WHAT NEEDS TO BE DONE >>
Could you write out, exactly as they stand, only the lines in the listing below from the line with "Card in toploader" to the line with "Top view of", both ends included, without the pictures?

EXERCISE DATA >>
• • • •
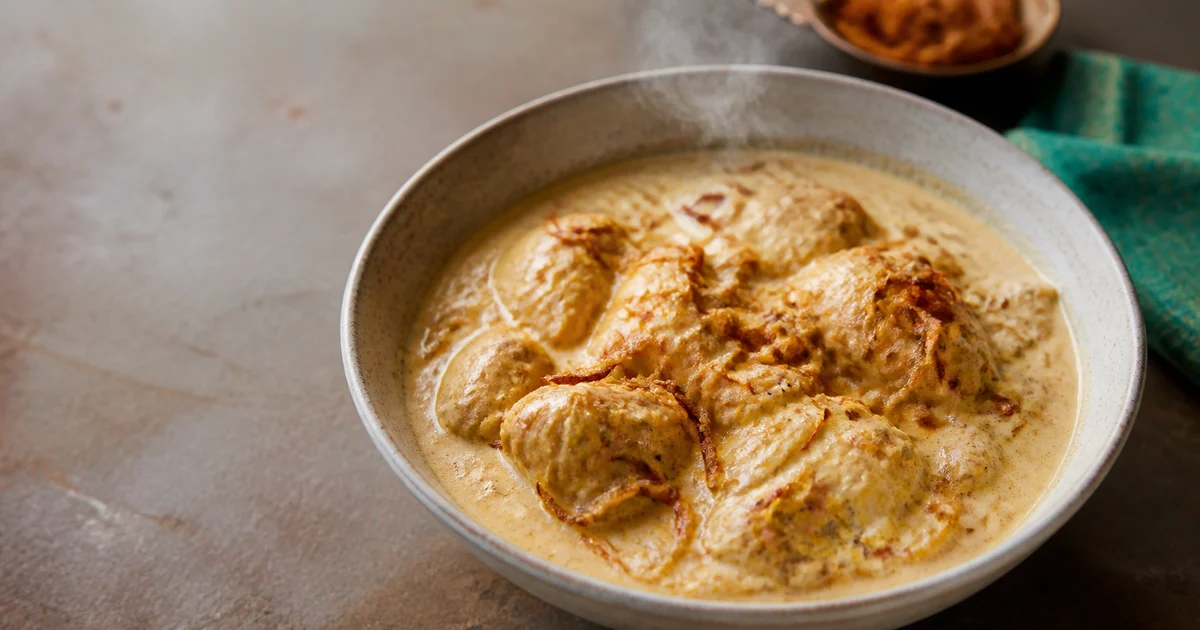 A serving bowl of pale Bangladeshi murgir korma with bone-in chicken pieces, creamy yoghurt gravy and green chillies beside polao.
• • • •
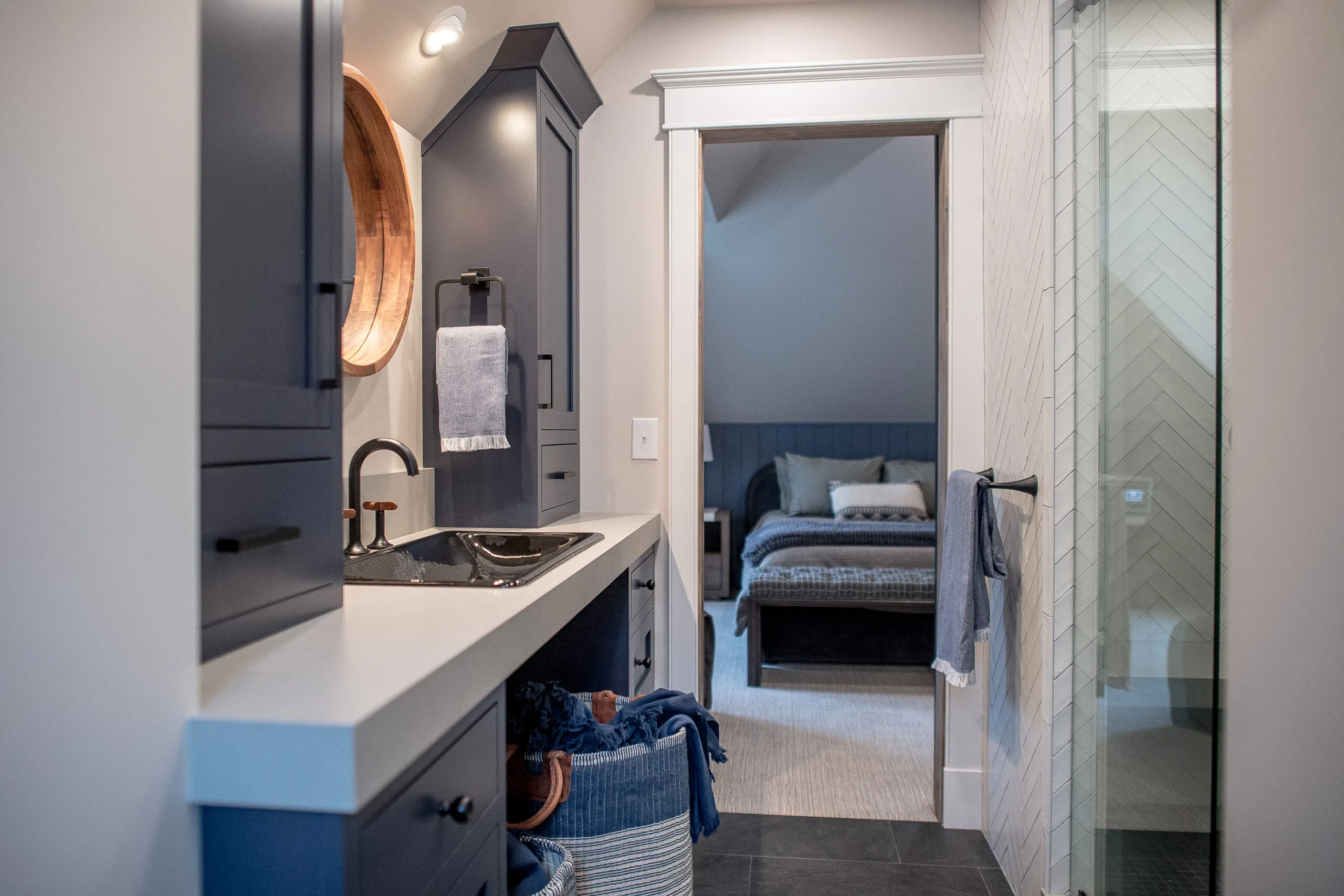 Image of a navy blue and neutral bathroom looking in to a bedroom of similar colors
• • • •
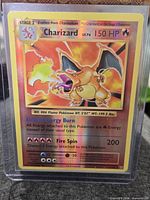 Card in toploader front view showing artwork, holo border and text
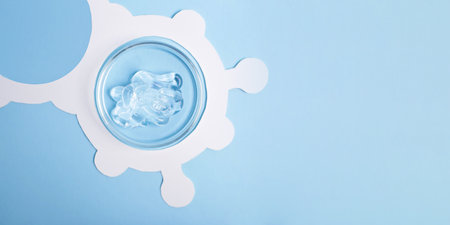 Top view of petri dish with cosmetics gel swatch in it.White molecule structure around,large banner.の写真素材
• • • •
WRITTEN REPLY >>
 Card in toploader front view showing artwork, holo border and text
 Top view of petri dish with cosmetics gel swatch in it.White molecule structure around,large banner.の写真素材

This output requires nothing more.